## Problem to solve
Extract the opening line of the entries and every line after it, stopping at and including the line that contains "image for item". Do not include pictures.

------ Material for the task

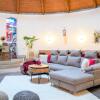 Отель dreamcation - Ehemalige Kirche & Pfarrerwohnung, 3D-Tour, Terrasse, Garten, BBQ, фото 2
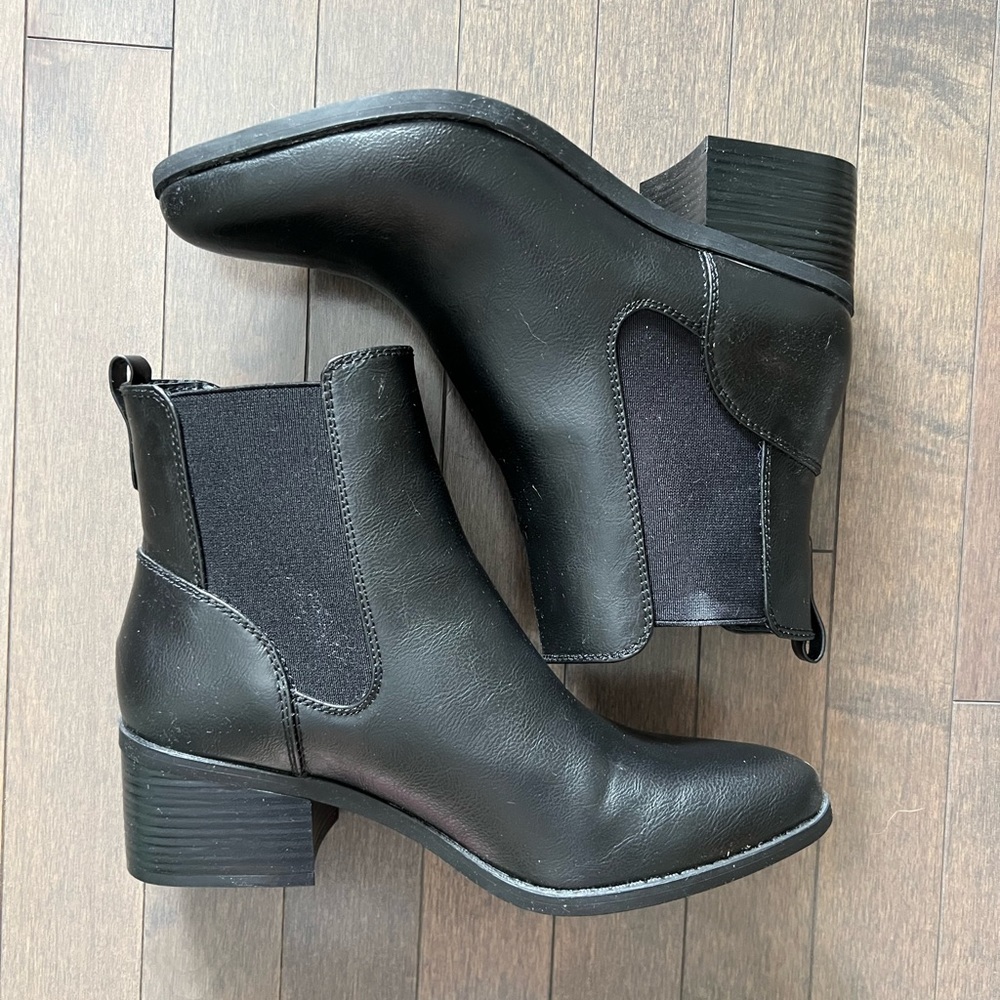 Brand new without box Call it Spring booties size 8.5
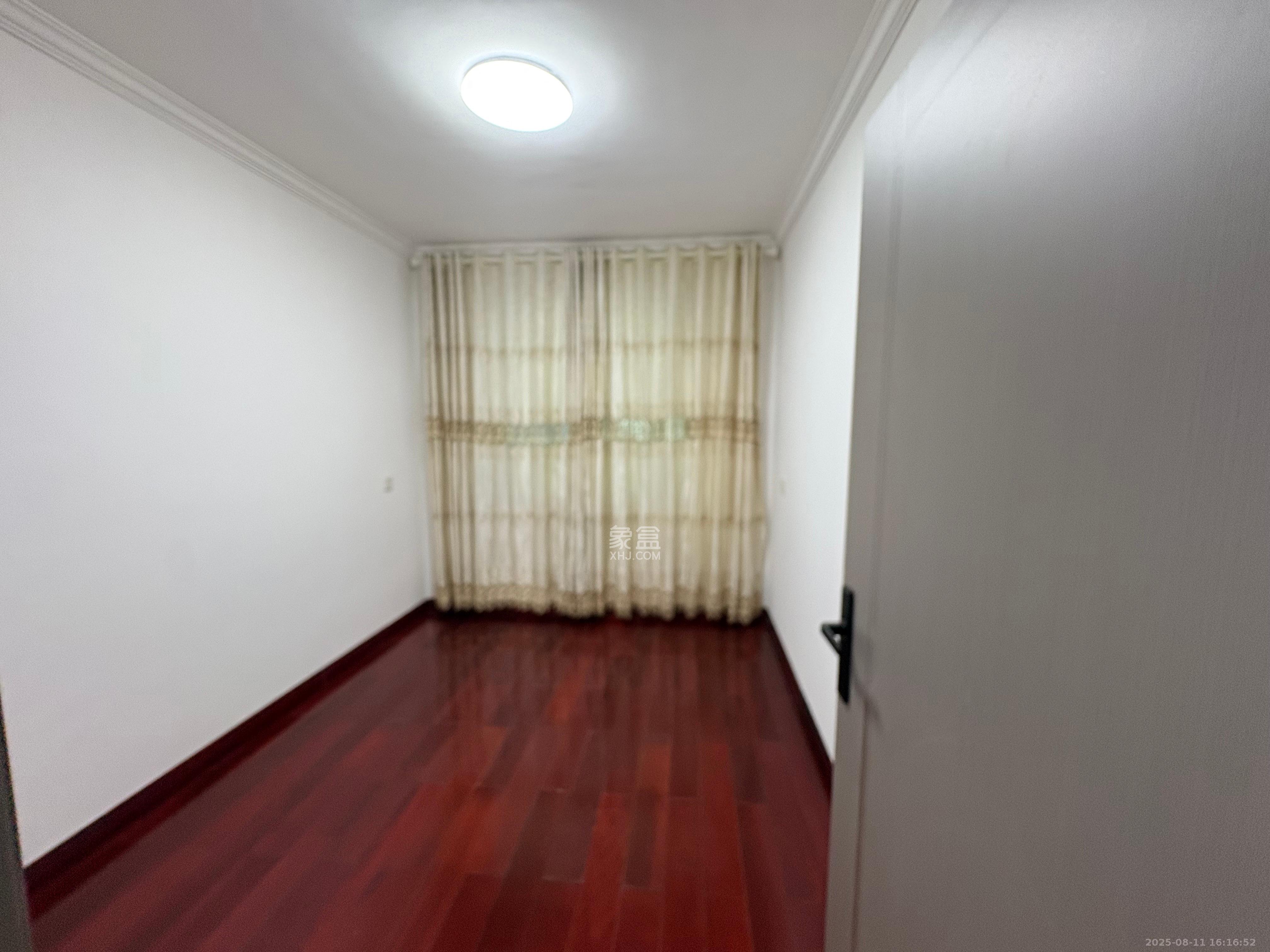 城南花苑 3室1厅1卫 2000.0元/月 城南花苑 3室1厅1卫 2000.0元/月室内图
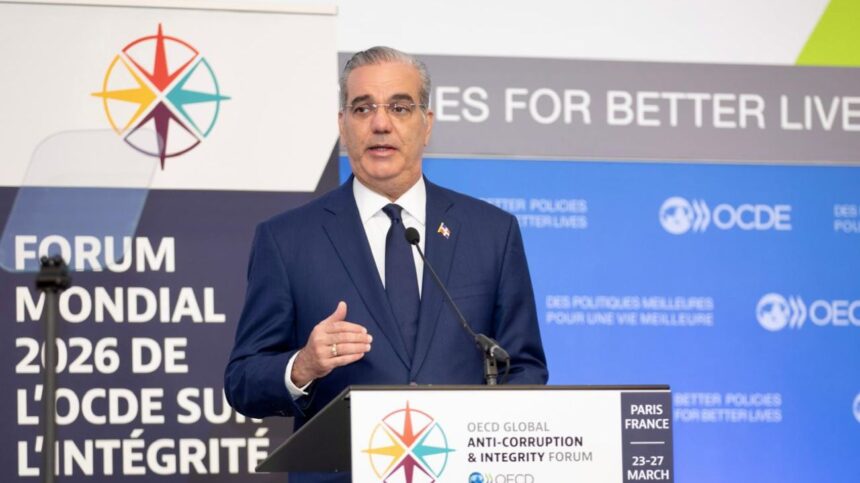 Abinader reafirma lucha anticorrupción en foro de la OCDE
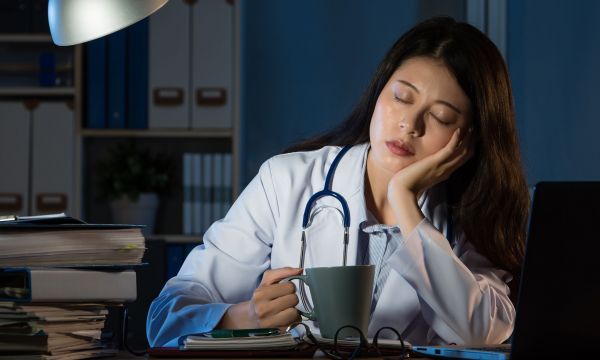 Ποιος τύπος μαγνησίου βοηθάει τον ύπνο όσων εργάζονται σε νυχτερινές βάρδιες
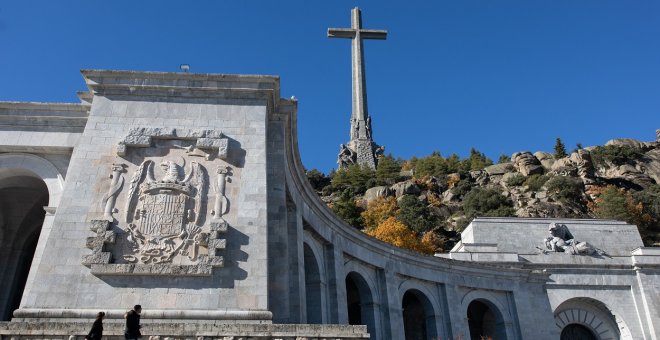 Franquistas por la "reconciliación" y Hazte Oír buscan frenar el cambio democrático del Valle de los Caídos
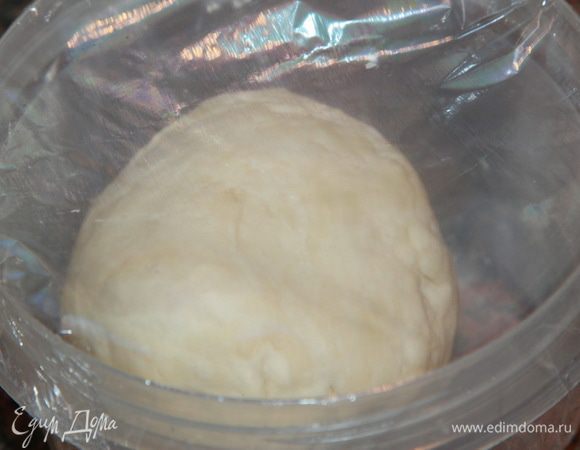 Затягиваем пленкой и отправляем в холодильник на 30 минут.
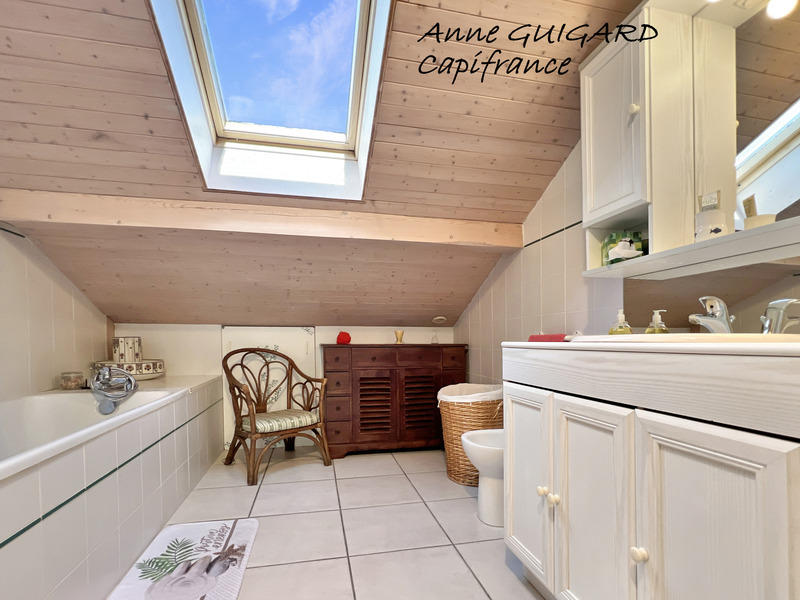 Maison - 232 m² - 7 pièces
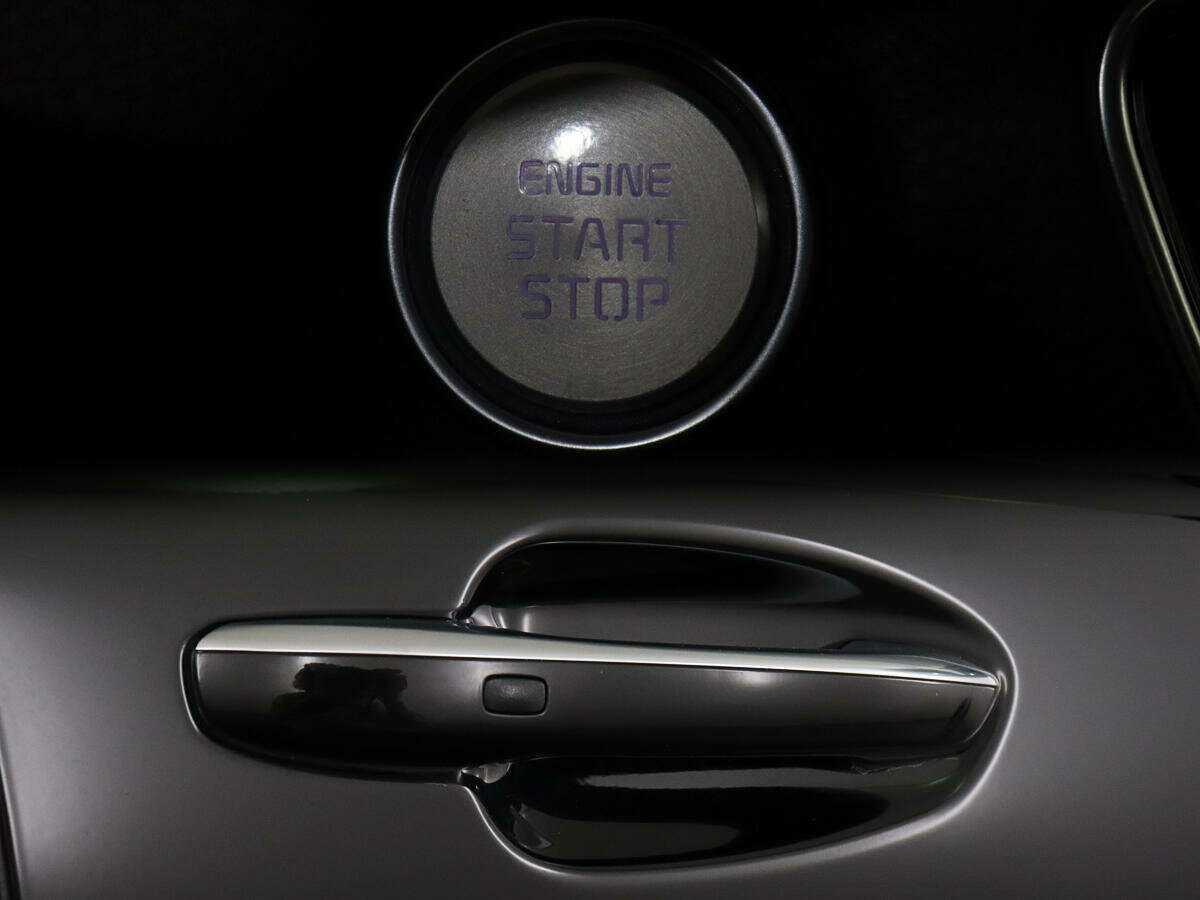 Б/У Киа К900 2019 года. Фото: #16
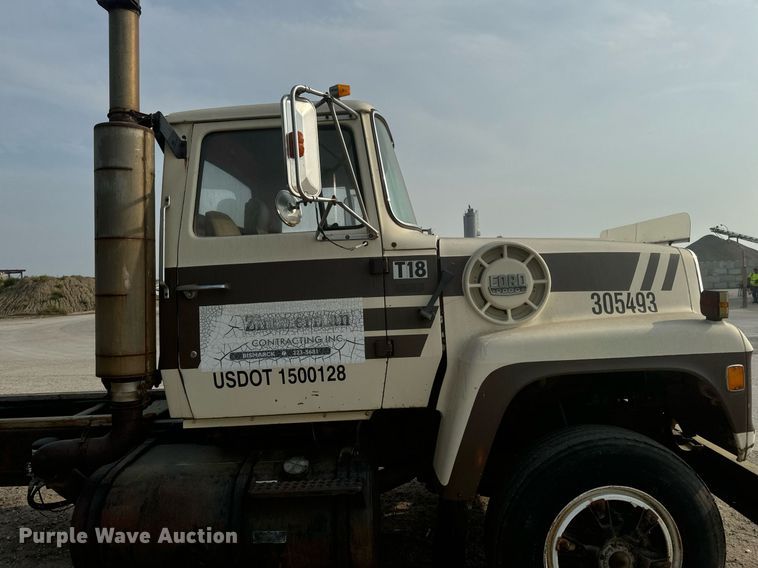 image for item DP8476 1981 Ford LT9000 truck cab and chassis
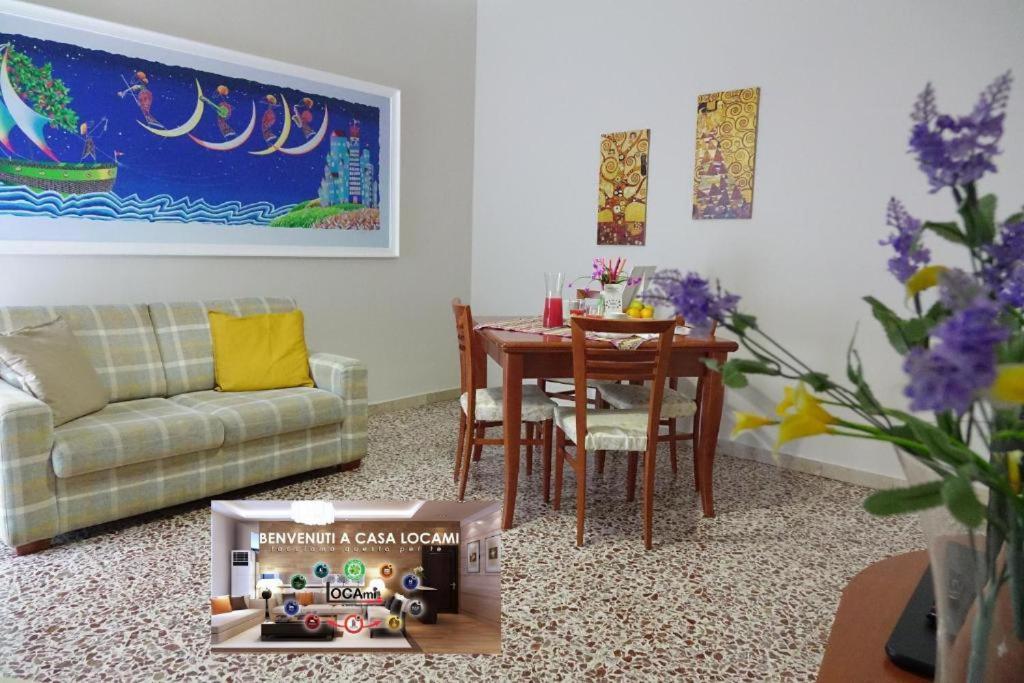 Locami Holiday&houserooms Street Tripolitania 26 Apartment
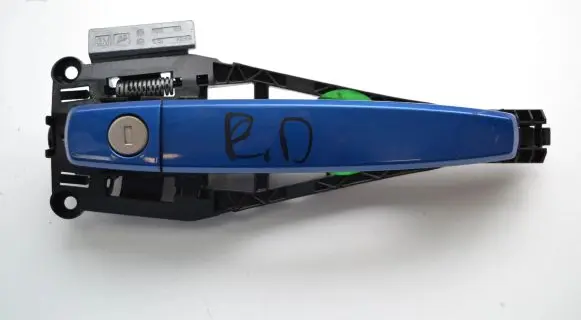 Chevrolet Cruze Front door exterior handle 13503484
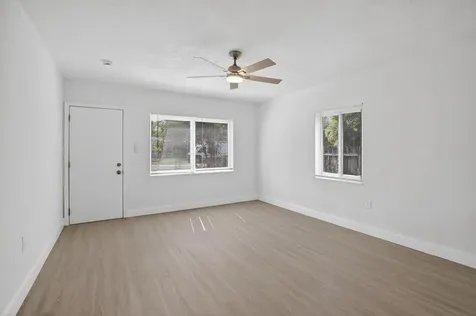 2515 Roosevelt Street Hollywood FL 33020
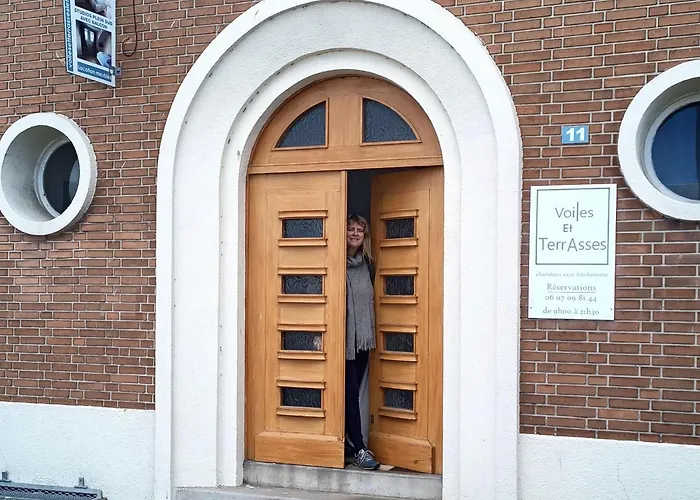 Aparthotel Voiles Et Terrasses By Corinne Face Au Port Le Treport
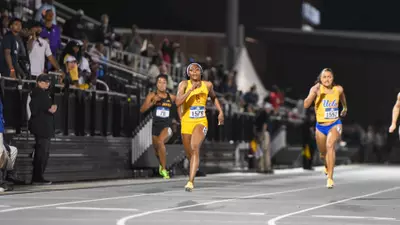 Dajaz DeFrand qualifies for NCAA Championships in the 200m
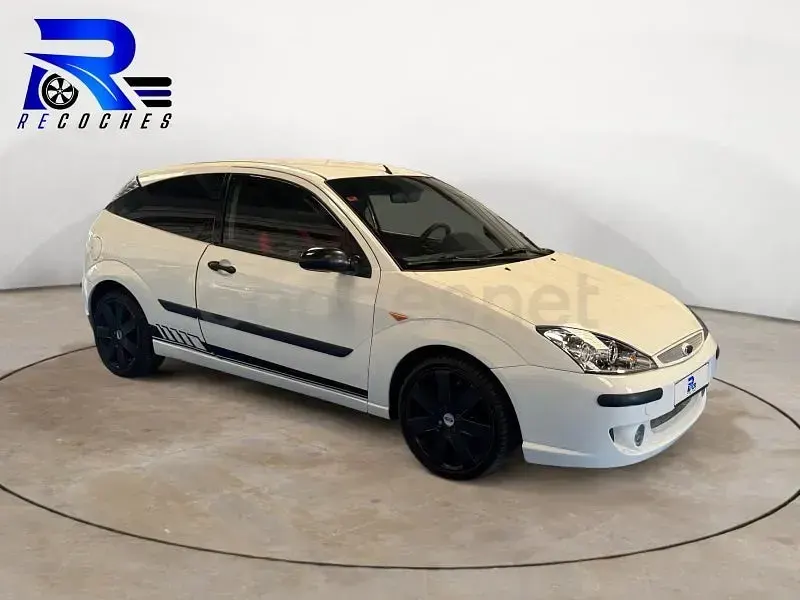 Usado Ford Focus Trend 115 CV (84 kW) 2002 Blanco Berlina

------------

## Written reply
 Отель dreamcation - Ehemalige Kirche & Pfarrerwohnung, 3D-Tour, Terrasse, Garten, BBQ, фото 2
 Brand new without box Call it Spring booties size 8.5
 城南花苑 3室1厅1卫 2000.0元/月 城南花苑 3室1厅1卫 2000.0元/月室内图
 Abinader reafirma lucha anticorrupción en foro de la OCDE
 Ποιος τύπος μαγνησίου βοηθάει τον ύπνο όσων εργάζονται σε νυχτερινές βάρδιες
 Franquistas por la "reconciliación" y Hazte Oír buscan frenar el cambio democrático del Valle de los Caídos
 Затягиваем пленкой и отправляем в холодильник на 30 минут.
 Maison - 232 m² - 7 pièces
 Б/У Киа К900 2019 года. Фото: #16
 image for item DP8476 1981 Ford LT9000 truck cab and chassis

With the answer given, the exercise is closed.